WHAT YOU SHOULD DO » Going line by line through the listing below, count those with the string "woman" and answer with the number alone.

DATA FOR THIS TASK »
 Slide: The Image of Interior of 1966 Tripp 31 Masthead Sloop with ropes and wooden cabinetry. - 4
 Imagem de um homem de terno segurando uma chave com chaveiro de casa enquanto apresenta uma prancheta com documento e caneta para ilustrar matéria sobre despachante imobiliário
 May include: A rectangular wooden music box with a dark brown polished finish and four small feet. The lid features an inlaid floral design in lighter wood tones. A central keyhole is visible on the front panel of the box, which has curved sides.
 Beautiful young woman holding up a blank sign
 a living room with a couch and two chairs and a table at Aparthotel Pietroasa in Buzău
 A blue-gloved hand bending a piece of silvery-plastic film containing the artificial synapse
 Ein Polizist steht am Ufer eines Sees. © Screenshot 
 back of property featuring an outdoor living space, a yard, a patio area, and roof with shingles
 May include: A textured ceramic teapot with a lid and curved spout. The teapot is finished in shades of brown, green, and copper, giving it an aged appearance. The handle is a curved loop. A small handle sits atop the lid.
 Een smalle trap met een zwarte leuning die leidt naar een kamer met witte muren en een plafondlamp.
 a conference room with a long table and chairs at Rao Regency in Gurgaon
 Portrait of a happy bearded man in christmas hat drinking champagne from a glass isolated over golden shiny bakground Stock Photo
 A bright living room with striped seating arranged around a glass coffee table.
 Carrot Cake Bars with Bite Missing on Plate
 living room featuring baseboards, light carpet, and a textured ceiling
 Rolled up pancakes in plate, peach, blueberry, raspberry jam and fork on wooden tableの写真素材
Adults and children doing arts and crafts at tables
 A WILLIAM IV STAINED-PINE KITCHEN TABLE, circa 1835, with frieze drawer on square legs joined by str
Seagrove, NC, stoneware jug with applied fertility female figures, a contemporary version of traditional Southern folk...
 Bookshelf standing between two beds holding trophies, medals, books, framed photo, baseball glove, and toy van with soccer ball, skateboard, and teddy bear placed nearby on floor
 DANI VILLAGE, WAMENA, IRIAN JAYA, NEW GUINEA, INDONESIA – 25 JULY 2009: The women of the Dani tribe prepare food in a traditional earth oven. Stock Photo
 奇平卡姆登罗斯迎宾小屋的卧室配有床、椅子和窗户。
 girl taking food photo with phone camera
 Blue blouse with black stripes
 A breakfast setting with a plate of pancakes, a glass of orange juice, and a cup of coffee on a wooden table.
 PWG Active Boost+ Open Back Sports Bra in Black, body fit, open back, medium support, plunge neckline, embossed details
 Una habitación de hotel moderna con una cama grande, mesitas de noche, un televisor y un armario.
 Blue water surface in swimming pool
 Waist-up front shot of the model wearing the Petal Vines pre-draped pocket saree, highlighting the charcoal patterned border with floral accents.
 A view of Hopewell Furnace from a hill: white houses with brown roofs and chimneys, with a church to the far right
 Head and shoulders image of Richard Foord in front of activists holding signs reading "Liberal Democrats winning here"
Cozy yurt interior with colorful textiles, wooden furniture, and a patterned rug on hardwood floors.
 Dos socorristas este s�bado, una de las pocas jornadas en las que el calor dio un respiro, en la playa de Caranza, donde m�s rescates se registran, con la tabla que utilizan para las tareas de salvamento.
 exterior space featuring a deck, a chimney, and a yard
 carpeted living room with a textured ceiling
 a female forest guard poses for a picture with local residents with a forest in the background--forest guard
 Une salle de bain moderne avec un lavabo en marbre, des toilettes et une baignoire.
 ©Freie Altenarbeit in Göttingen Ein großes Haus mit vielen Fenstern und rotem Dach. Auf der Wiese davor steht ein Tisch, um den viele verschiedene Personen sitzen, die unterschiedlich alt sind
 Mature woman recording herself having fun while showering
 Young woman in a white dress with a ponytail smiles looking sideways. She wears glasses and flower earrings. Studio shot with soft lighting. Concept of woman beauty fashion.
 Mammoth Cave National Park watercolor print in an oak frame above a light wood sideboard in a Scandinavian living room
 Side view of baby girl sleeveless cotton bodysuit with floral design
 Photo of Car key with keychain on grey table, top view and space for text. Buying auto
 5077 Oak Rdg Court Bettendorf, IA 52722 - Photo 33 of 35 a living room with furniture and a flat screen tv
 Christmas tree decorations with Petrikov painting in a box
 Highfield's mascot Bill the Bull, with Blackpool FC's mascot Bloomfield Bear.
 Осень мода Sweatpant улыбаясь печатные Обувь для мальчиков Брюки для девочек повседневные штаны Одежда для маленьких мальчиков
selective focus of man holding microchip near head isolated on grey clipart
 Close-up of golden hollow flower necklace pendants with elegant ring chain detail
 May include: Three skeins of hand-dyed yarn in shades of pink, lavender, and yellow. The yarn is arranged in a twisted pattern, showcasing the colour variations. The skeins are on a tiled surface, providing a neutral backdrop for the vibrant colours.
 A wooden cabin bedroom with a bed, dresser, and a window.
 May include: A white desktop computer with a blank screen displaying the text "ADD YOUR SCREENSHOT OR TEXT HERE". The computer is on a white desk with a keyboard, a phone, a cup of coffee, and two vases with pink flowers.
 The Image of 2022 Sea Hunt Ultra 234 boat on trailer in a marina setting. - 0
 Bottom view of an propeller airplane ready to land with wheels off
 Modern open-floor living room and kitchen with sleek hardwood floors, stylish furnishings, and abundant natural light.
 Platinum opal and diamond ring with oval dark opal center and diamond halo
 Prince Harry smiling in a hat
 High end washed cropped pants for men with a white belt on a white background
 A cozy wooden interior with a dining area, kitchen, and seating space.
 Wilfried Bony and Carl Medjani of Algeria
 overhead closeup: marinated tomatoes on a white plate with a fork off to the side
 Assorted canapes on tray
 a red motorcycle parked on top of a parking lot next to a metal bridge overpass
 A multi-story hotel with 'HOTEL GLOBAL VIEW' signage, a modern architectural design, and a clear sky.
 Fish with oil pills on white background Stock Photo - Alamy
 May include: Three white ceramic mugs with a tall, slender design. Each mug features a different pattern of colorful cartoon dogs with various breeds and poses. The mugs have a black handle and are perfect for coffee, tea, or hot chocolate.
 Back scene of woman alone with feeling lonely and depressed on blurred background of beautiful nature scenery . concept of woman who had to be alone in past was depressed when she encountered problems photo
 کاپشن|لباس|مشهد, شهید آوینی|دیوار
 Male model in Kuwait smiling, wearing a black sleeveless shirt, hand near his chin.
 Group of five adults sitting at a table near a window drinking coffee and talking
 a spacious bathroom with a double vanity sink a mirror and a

RESPONSE AREA » 4